Your instructions. Quote the entries below from the line with "Chinese new year" through the line with "Fazenda Roseira recebe", both ends included, and only those lines.

Source data.

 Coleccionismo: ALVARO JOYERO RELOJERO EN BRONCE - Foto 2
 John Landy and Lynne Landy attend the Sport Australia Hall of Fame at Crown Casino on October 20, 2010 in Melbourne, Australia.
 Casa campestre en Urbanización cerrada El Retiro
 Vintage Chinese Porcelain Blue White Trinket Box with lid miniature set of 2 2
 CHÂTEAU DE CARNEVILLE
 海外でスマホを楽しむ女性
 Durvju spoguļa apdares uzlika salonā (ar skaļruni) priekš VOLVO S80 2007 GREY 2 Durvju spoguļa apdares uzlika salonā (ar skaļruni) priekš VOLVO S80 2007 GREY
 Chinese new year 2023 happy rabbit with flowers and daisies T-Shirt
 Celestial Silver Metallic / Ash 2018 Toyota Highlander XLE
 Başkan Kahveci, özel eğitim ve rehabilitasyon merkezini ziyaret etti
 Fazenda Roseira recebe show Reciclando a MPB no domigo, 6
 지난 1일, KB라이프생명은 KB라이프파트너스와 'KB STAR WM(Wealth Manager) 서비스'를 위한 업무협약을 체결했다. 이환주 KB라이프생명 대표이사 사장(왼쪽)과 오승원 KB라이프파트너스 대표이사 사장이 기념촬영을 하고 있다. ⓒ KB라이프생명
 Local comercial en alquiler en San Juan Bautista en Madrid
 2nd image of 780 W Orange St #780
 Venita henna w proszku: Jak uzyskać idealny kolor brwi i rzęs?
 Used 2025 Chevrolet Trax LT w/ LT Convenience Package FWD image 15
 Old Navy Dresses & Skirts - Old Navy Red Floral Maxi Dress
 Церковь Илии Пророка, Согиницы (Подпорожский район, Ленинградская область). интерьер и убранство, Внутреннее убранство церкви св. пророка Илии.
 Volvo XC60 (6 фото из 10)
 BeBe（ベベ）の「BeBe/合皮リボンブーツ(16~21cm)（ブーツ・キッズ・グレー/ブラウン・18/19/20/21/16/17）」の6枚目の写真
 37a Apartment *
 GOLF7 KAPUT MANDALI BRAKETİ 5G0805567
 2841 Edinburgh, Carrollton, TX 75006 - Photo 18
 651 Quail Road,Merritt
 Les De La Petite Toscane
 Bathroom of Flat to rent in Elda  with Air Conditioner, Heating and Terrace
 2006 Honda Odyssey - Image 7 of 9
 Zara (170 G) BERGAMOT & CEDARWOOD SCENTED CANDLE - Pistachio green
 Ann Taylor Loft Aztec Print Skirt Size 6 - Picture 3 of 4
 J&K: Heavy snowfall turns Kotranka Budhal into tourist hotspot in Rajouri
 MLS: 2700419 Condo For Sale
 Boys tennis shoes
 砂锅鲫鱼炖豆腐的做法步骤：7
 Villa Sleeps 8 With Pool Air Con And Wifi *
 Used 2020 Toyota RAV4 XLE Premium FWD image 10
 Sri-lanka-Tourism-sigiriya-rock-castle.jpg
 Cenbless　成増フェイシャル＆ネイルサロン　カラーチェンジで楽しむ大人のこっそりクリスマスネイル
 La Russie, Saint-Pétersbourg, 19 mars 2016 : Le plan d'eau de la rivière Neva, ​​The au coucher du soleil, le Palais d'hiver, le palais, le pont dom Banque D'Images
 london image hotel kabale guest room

Answer for the task.
 Chinese new year 2023 happy rabbit with flowers and daisies T-Shirt
 Celestial Silver Metallic / Ash 2018 Toyota Highlander XLE
 Başkan Kahveci, özel eğitim ve rehabilitasyon merkezini ziyaret etti
 Fazenda Roseira recebe show Reciclando a MPB no domigo, 6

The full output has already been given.